■ Records provided:
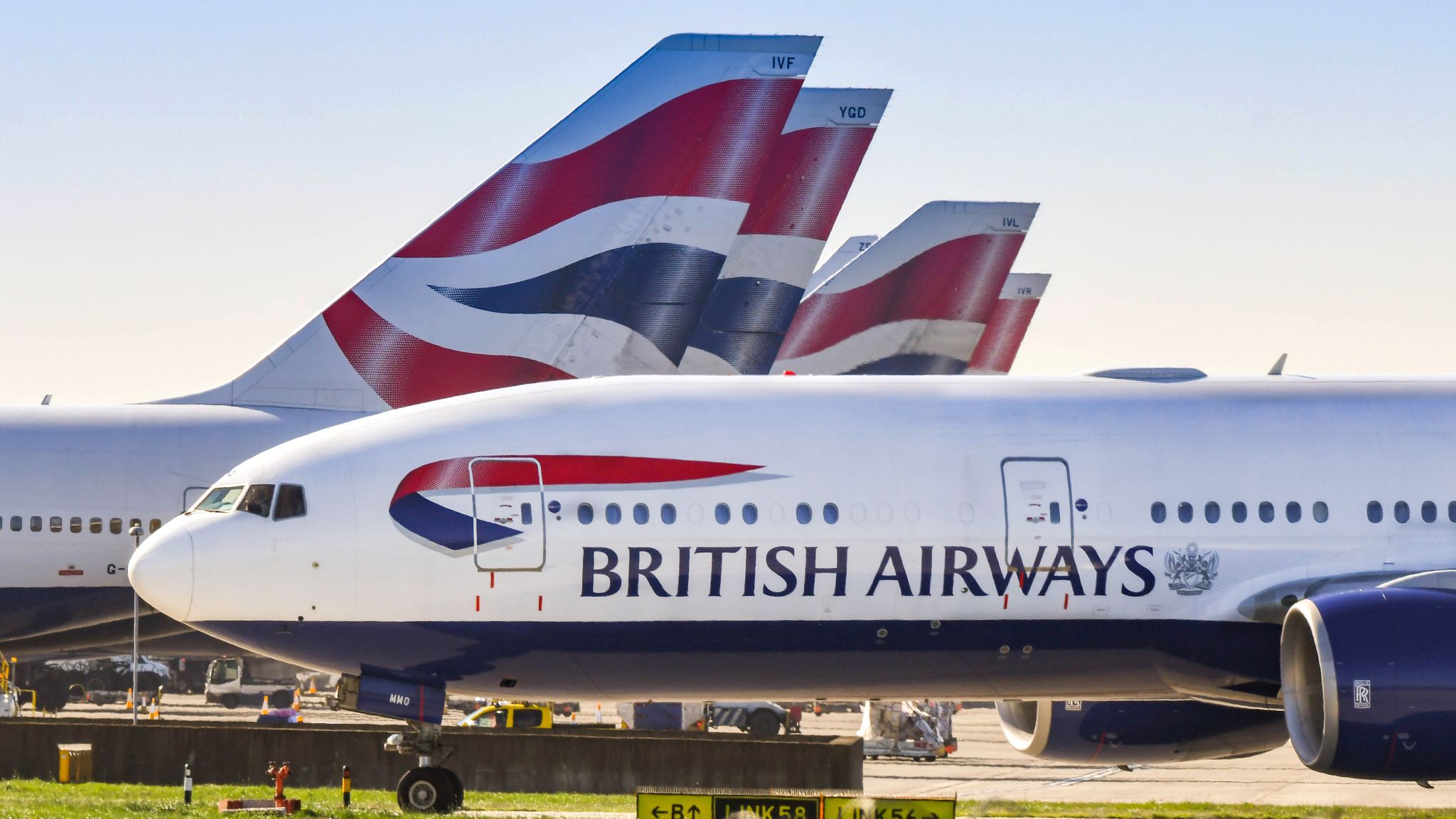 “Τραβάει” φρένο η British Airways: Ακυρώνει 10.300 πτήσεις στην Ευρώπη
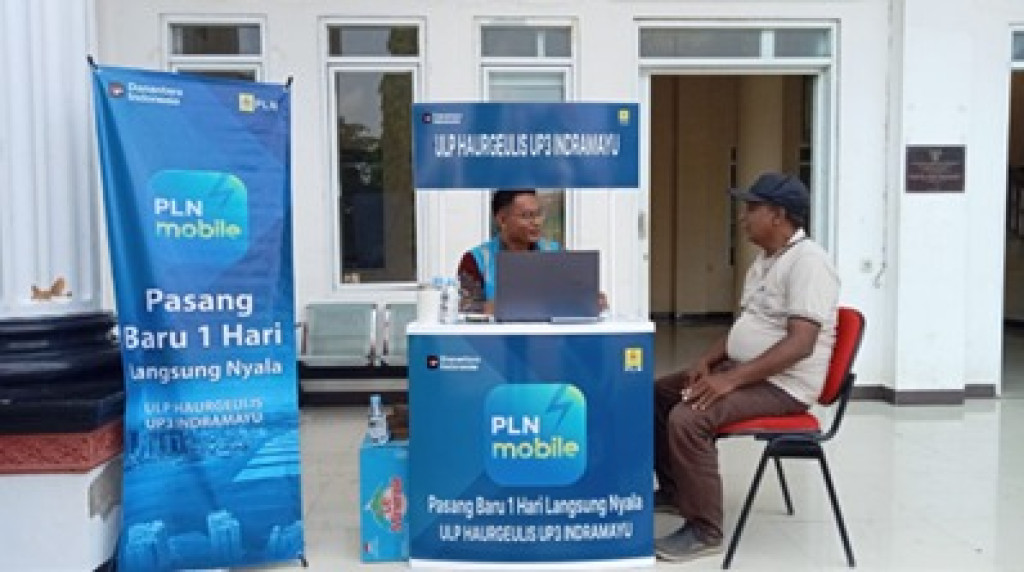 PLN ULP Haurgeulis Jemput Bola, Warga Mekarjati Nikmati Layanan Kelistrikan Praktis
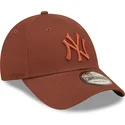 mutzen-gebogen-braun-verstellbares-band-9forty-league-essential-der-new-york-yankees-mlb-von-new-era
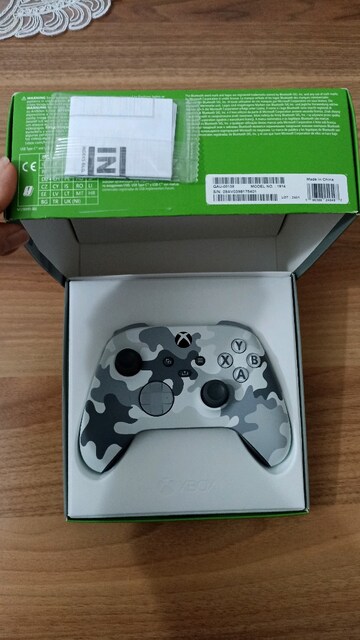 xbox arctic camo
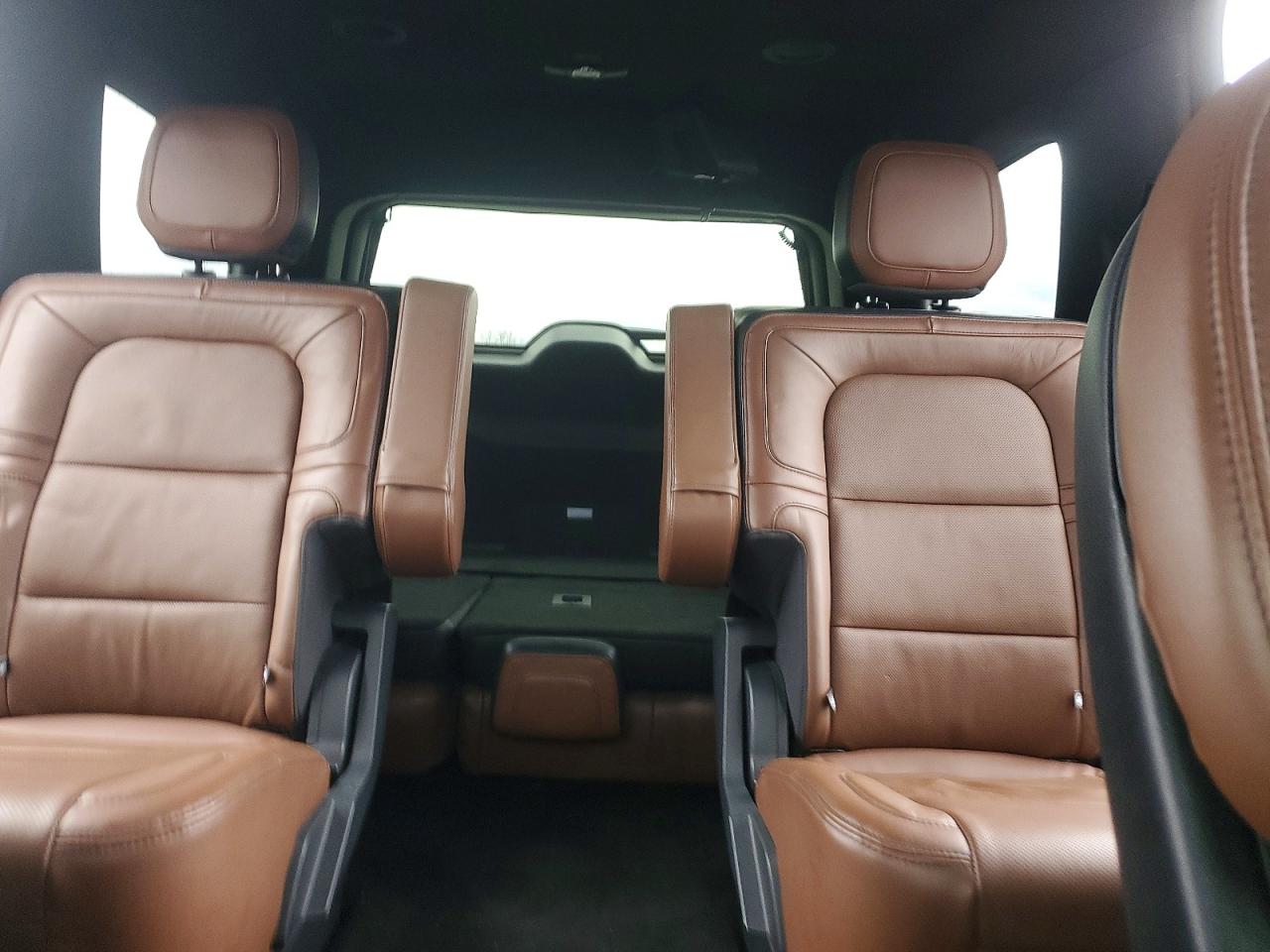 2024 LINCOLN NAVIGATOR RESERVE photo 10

==

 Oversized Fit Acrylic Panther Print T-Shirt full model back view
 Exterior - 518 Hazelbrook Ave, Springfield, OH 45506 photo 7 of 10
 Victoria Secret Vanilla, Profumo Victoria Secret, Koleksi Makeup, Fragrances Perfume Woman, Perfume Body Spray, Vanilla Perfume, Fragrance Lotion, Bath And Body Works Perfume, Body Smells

■ Goal of the exercise: Nothing but the lines from the one containing "xbox arctic camo" through the one containing "2024 LINCOLN NAVIGATOR RESERVE photo 10" should appear, copied exactly from the material above and without pictures.

■ Result for this exercise:
 xbox arctic camo
 2024 LINCOLN NAVIGATOR RESERVE photo 10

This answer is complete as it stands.